Angara vows to help increase proposed budgets for education, health for 2024
The Senate Committee on Finance will strive hard to increase the budgets for education and health in the final version of the proposed P5.768-trillion national budget for 2024.

Sen. Sonny Angara, Senate finance committee chairman, during deliberations on the proposed 2023 national budget in the Senate. (Senate PRIB Photo)
Senator Juan Edgardo “Sonny” Angara, chairman of the finance panel, assured Congress has been consistently supporting the education and health sectors over the last four General Appropriations Act (GAA).
Angara said there will definitely be “reductions” from the budgets of some departments, agencies and offices due to removal of non-recurring expenses.
“These include infrastructure projects that are already implemented in the current year so the amounts for these are removed for next year’s budget proposals,” Angara said.
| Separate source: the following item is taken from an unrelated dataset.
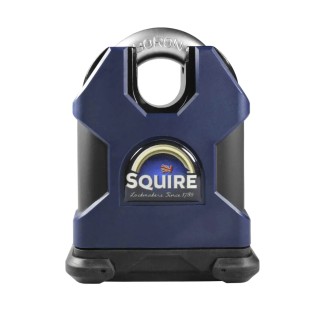 Squire Keyed Boron Alloy Steel Padlock Weatherproof 12.7 mm Shackle Diameter 65mm Body SS65CS RS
“But these budgets usually go up by the time we have gone through the budget process in the House and Senate,” the senator added.
House Deputy Speaker Ralph Recto had earlier raised the alarm after noting that the allotment for the Department of Health (DOH) for next year has been slashed by some P10-billion.
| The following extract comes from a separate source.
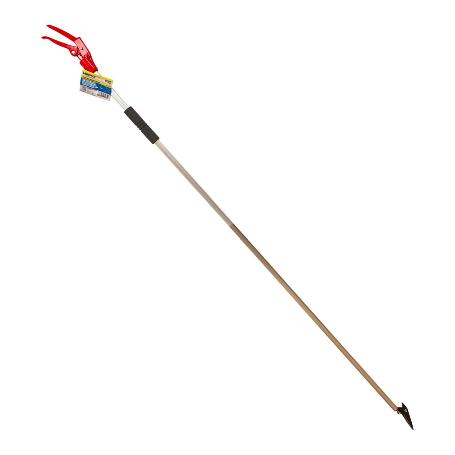 PERTIGA PODAR WOLFPACK MANGO ALUMINIO 180 CM.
Under the proposed National Expenditure Program (NEP) for 2024, only P199-billion has been appropriated for the DOH, compared to its P209-billion allocation for this year.
Among the biggest casualties of the lowered DOH budget were the country’s four major specialty centers namely, the Lung Center of the Philippines, National Kidney and Transplant Institute (NKTI), Heart Center of the Philippines and Philippine Children’s Medical Center (PCMC).
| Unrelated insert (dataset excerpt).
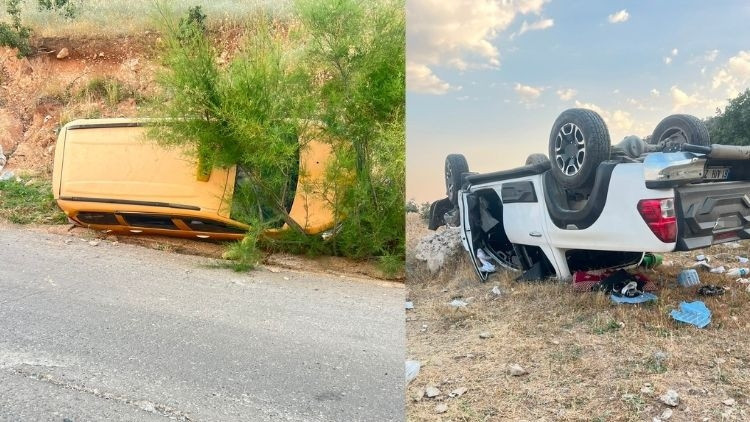 Cudi Dağı dönüşünde dört ayrı trafik kazası: 1 ölü, 8 yaralı Cudi Dağı dönüşünde dört ayrı trafik kazası: 1 ölü, 8 yaralı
Angara noted, however, that under the 2023 GAA, the four specialty hospitals operated by the DOH, plus the Philippine Institute of Traditional and Alternative Health Care, were allocated a total of almost P7-billion. This was an increase of P1.1 billion from the P5.8 billion they received in 2022 and a hike of P2 billion from the P4.9 billion proposed by the Executive branch in the 2023 NEP.
He said the same was true for the budget of the Medical Assistance for Indigent Patients (MAIP), which Congress has consistently increased.
Angara noted that in the 2024 NEP, the MAIP was provided with a proposed budget of P22.3 billion, down from the P32.6-billion under the 2023 GAA.
But during deliberations on the MAIP budget, Angara said the budget for MAIP under the 2023 NEP only contained P22.39 billion, but through the interventions of the members of Congress, the program ended up with the final amount of P32.6-billion.
“The increases in the budgets of the specialty hospitals, the MAIP and the health sector in general would benefit millions of Filipinos, especially the poor, for their medical and health care requirements,” the senator said.
“The budget for MAIP has increased annually from P9.4 billion in 2019 to P10.5 billion in 2020, P17 billion in 2021, P21.4 billion in 2022, and P32.6 billion in 2023. We expect a similar increase in the program in the final version of the 2024 budget,” he further said.
Meanwhile, lawmakers are expected to also work on increasing the budgets of the state universities and colleges (SUCs), including the University of the Philippines (UP) system, which has been consistently happening for three straight years.
“From P73.7 billion in 2020, this went up to P85.9 billion in 2021, P104.17 billion in 2022 and P107 billion in 2023. Similar to the health sector, we also expect increases in the budgets of the SUCs and UP once Congress is done deliberating on the 2024 NEP,” Angara said.
He said any possible reduction in the proposed 2024 budget of the UP system in the NEP “will be rectified and increased by the time December comes and we’ve been through the budgetary process.”